## Aim of the exercise
Retype word for word the line containing "Aku Ankka Kaksoiselämää" and each line that follows it in the records below, through the last one, with no pictures.

## Given data
┌──
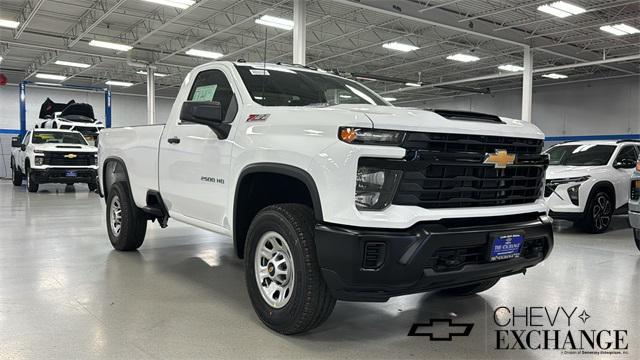 new 2025 Chevrolet Silverado 2500 car, priced at $50,864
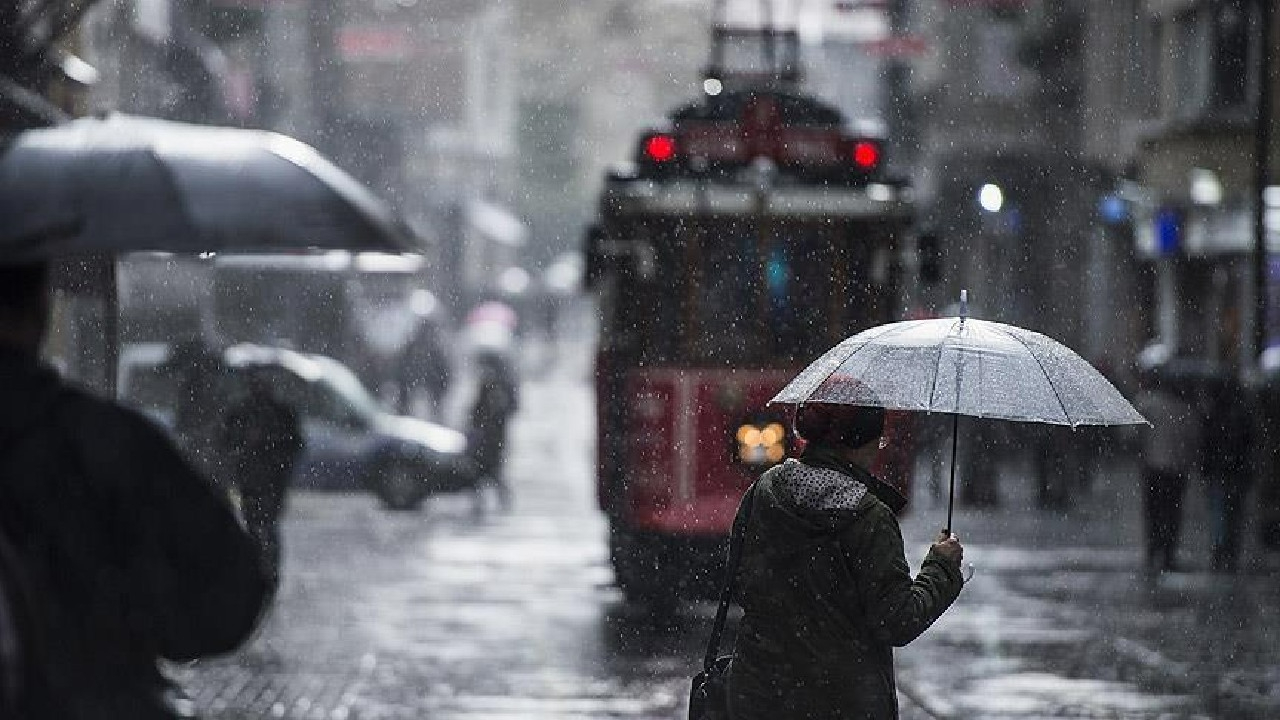 Meteorolojiden 10 ilimize sağanak yağış uyarısı!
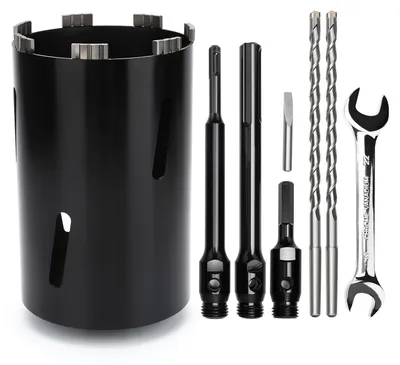 Obrázek produktu pro Vrták Boorkroon o průměru 160 mm s SDS Plus a centrovacím vrtákem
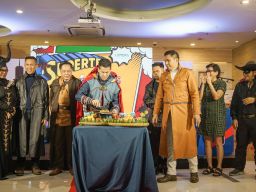 LAMORA Kota Lama Surabaya Rayakan 10 Tahun Anniversary dengan Kostum para Superhero
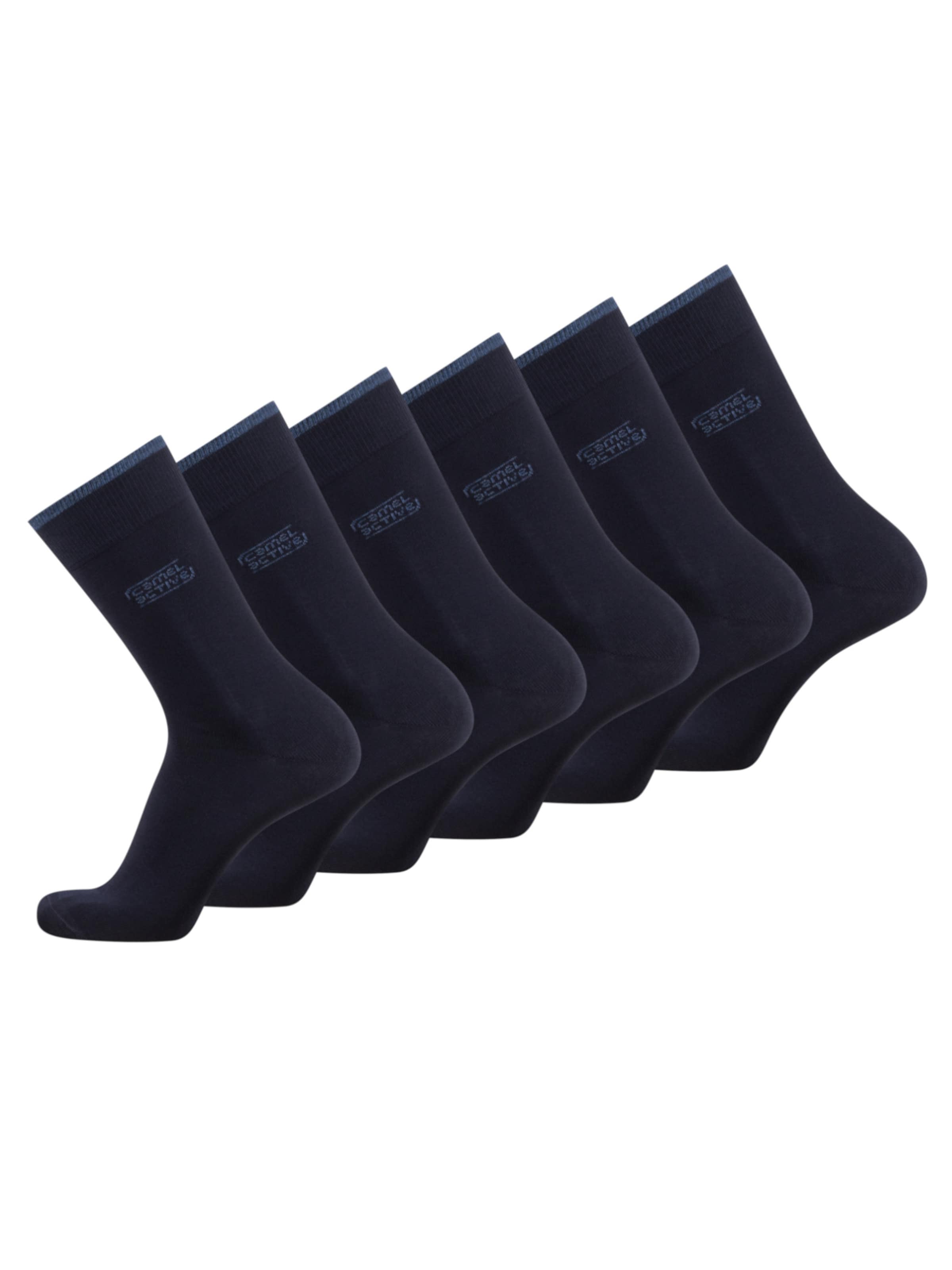 CAMEL ACTIVE Socks in Blue: front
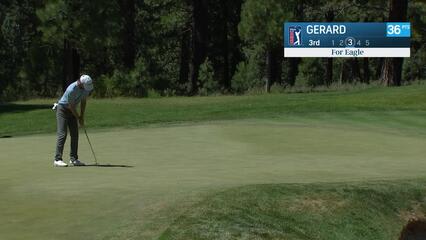 Ryan Gerard | Round 4 | 3rd hole | Shot 3 | 2025 Barracuda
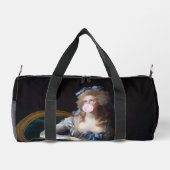 Demure with Pink Bubble Gum Duffle Bag (Rückseite)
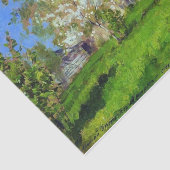 Papier Mousseline Pommes en fleurs par Isaac Levitan (Détail)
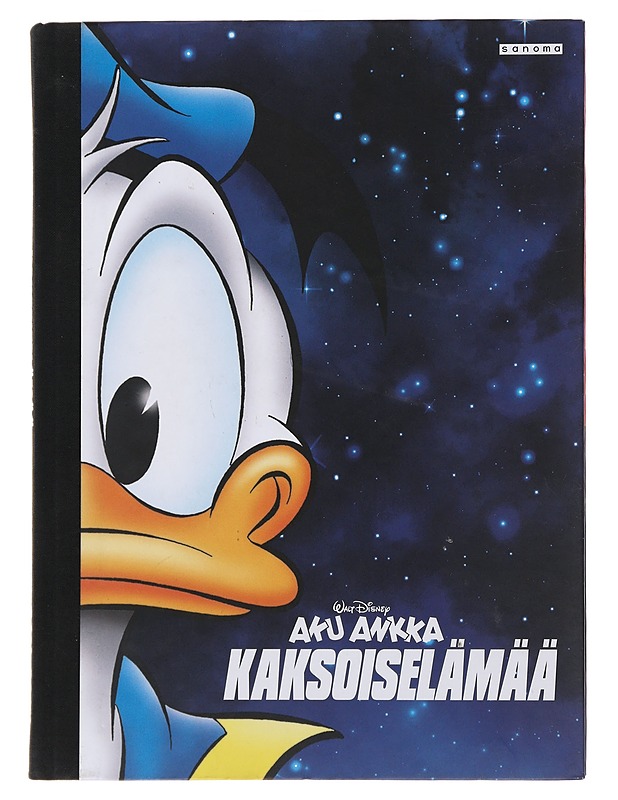 Aku Ankka Kaksoiselämää ja Taikaviitta - Disney - Sarjakuvat - 10105479055 - 0
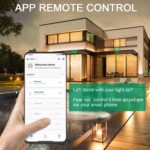 3 Way Smart Dimmer Switch by Martin Jerry | Touch Trailing Edge 4 Way Smart Dimmer Switch, SmartLife App, Compatible with Alexa as WiFi Light Switch Dimmer, Works with Google Home - Image 7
└──
## Answer box
 Aku Ankka Kaksoiselämää ja Taikaviitta - Disney - Sarjakuvat - 10105479055 - 0
 3 Way Smart Dimmer Switch by Martin Jerry | Touch Trailing Edge 4 Way Smart Dimmer Switch, SmartLife App, Compatible with Alexa as WiFi Light Switch Dimmer, Works with Google Home - Image 7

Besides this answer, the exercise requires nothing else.